No setor financeiro, negros ainda são minorias e recebem menos que os brancos

No mês da Consciência Negra, o Sindicato dos Bancários de Catanduva e Região reforça a luta por igualdade e inclusão racial no trabalho. Mesmo com os avanços dos últimos anos em relação ao emprego, os números apontam que os negros ainda são minorias nas agências e recebem salários inferiores aos dos brancos.
 
O II Censo da Diversidade, que ouviu 187.411 bancários e bancárias entre os dias 17 de março e 9 de maio deste ano, revelou que os brancos ainda representam aproximadamente 75% dos trabalhadores da categoria, enquanto os negros são apenas 25%.
 
Se comparado ao I Censo, realizado em 2008, os indicadores mostram avanços em relação à igualdade racial. Na época, os negros representavam 19% dos trabalhadores. “O avanço ainda é muito pequeno e os negros ainda são minorias nas agências. Além disso, os bancos escondem esses trabalhadores, colocando-os em funções internas. Dificilmente você verá um negro no atendimento ao cliente”, afirma o diretor do Sindicato Aparecido Augusto Marcelo, e ressalta: "Desses 25%, a maioria são funcionários de bancos públicos, que são concursados".
 
O II Censo da Diversidade revelou, também, que os salários da minoria negra são inferiores aos da maioria branca. Hoje, o salário dos negros equivale a 87,3% ao dos brancos, mas em 2008 o equivalente era de 84,1%. “Infelizmente ainda há desigualdade em relação a oportunidades. A maioria dos negros ocupa cargos inferiores nos bancos. É inadmissível que o preconceito ainda se faça tão presente em nossa sociedade. O setor financeiro, sendo o mais lucrativo do Brasil, precisa, com urgência, implantar políticas de inclusão e igualdade de oportunidades”, explica Marcelo.

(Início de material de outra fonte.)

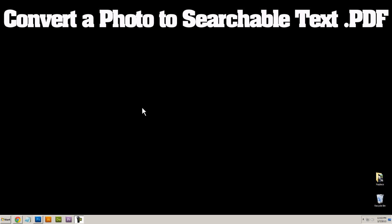Hello, I'm really excited to show you this video today on how you can take a photo and convert it into searchable text.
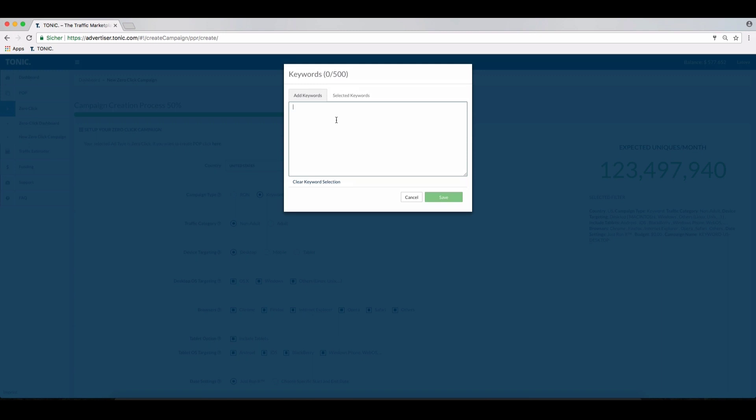Depending on your offer, you have to decide on what keywords and how many you should enter. Should you wish to target a brand, we recommend only bidding on the respective keywords such as Amazon, Facebook, etc.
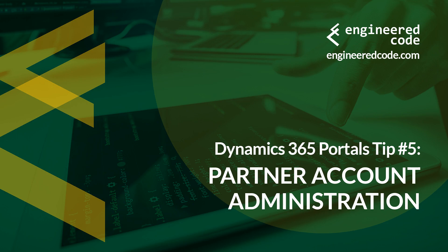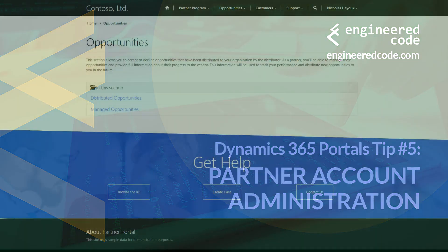Hello everyone, and welcome to Dynamics 365 Portals Tips from Engineered Code. My name is Nicholas Hadouk, and this is tip number 5, Partner Account Administration.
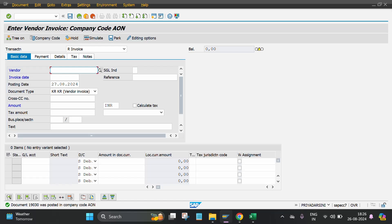Hello friends, welcome to our YouTube channel. Today we are going to discuss how to do the mass reversal in SAP through the T-code F.80.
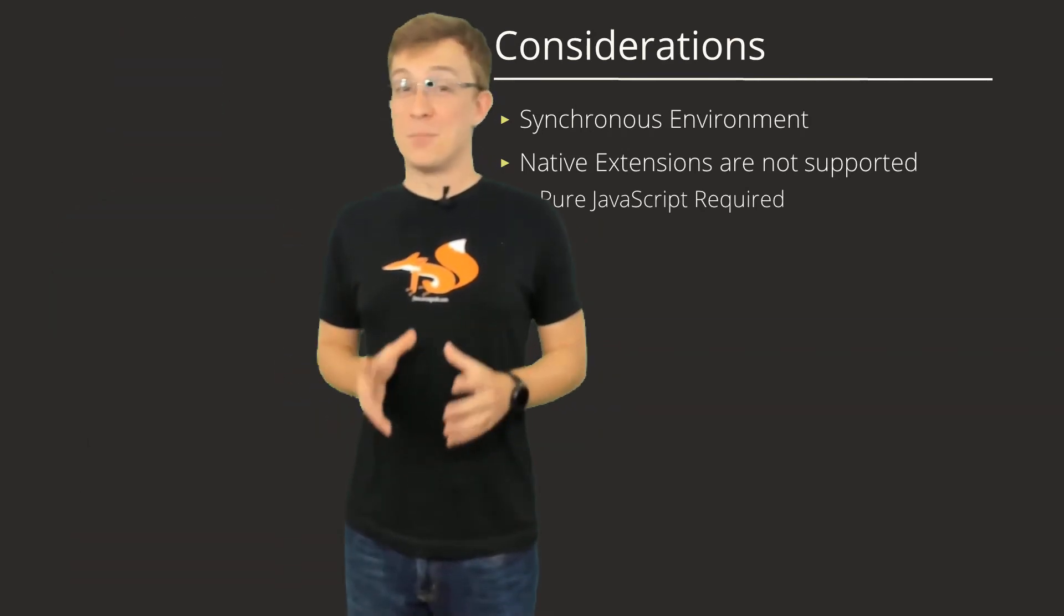That was a brief overview of some of the benefits and considerations for Foxx. Let's take a look at making an example microservice and how to actually use it with ArangoDB.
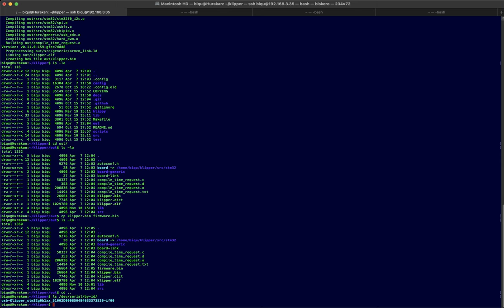So to do that, in this directory you type the following command, and this information is all in the manual on section 6.3, so you can check there. So make flash FLASH_DEVICE. Now on the manual there is a space here, but there should not be a space. Okay, so make sure that there is no space.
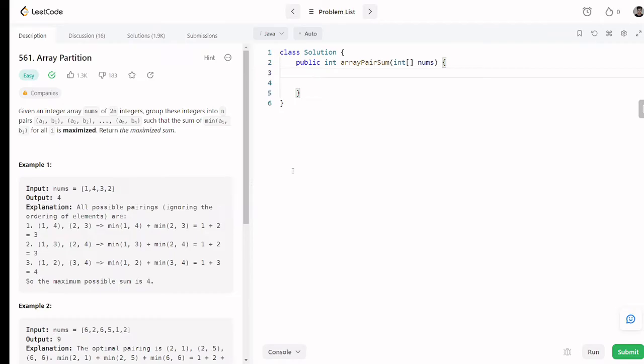Hello everyone, welcome back to my channel. Today we are going to discuss another problem. Before going forward, if you like the video please like and subscribe so you will get notified whenever a new video comes out. Without any further ado, let's start. Today the question is the array partition question.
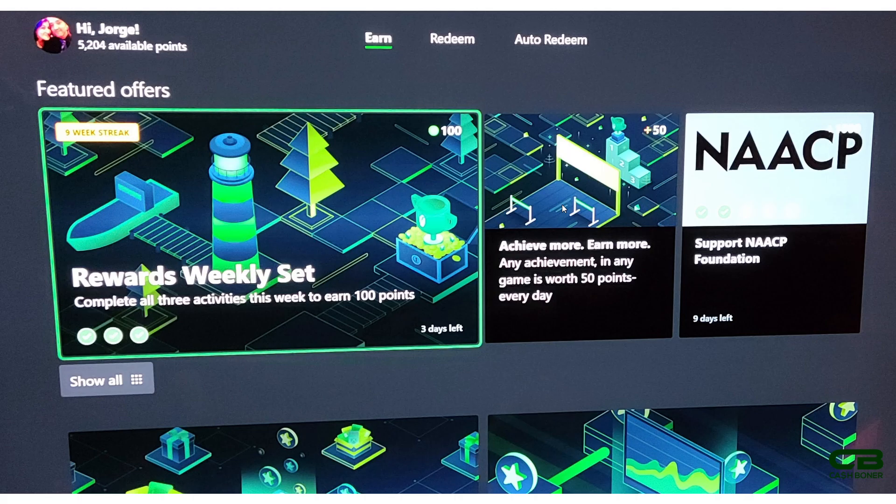So I've been getting an achievement every day for at least the last 10 days. So I'm trying to do one, get these 50 points every day. If you do that every day for 30 days or a regular month, that's an extra 1,500 points.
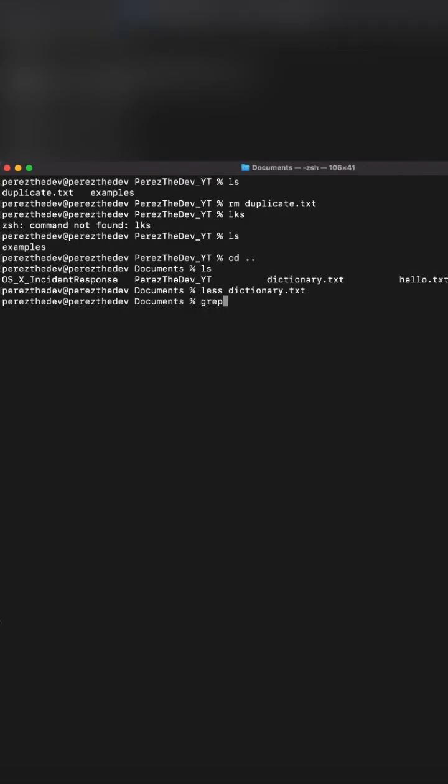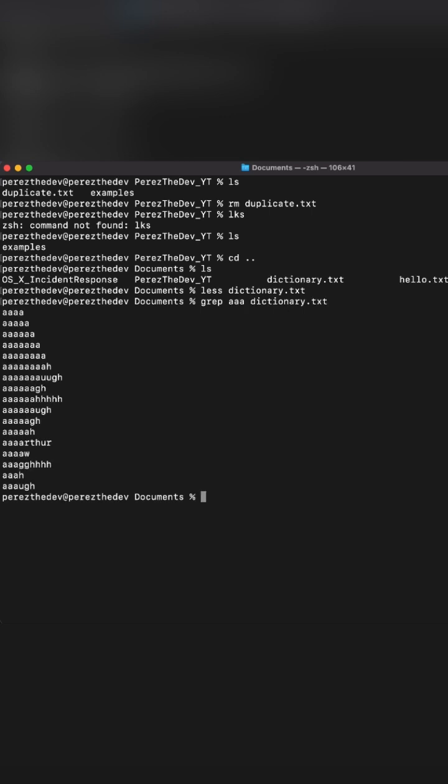Lastly, we have the grep command, which allows us to search for a specified pattern across the given file. Now we're going to find all the lines that have the AAA characters in that word, and that way it'll output it into our terminal.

Símbolo de resistência - A escolha do 20 de novembro tem a ver com a resistência e força contra a escravidão mostrado pelos palmarinos, cujo líder foi Zumbi dos Palmares.
 
Outro motivo para a escolha dessa data é o repúdio ao calendário nacional, que sempre comemorou o fim da escravidão em 13 de maio, data em que a princesa Isabel assinou a Lei Áurea, em 1888.
 
Ao desbancar a falsa ideia de que a abolição da escravatura tenha sido um favor dos brancos aos escravos, o 20 de novembro rememora a resistência dos negros contra a escravidão e reforça a luta contra todas as formas de preconceito.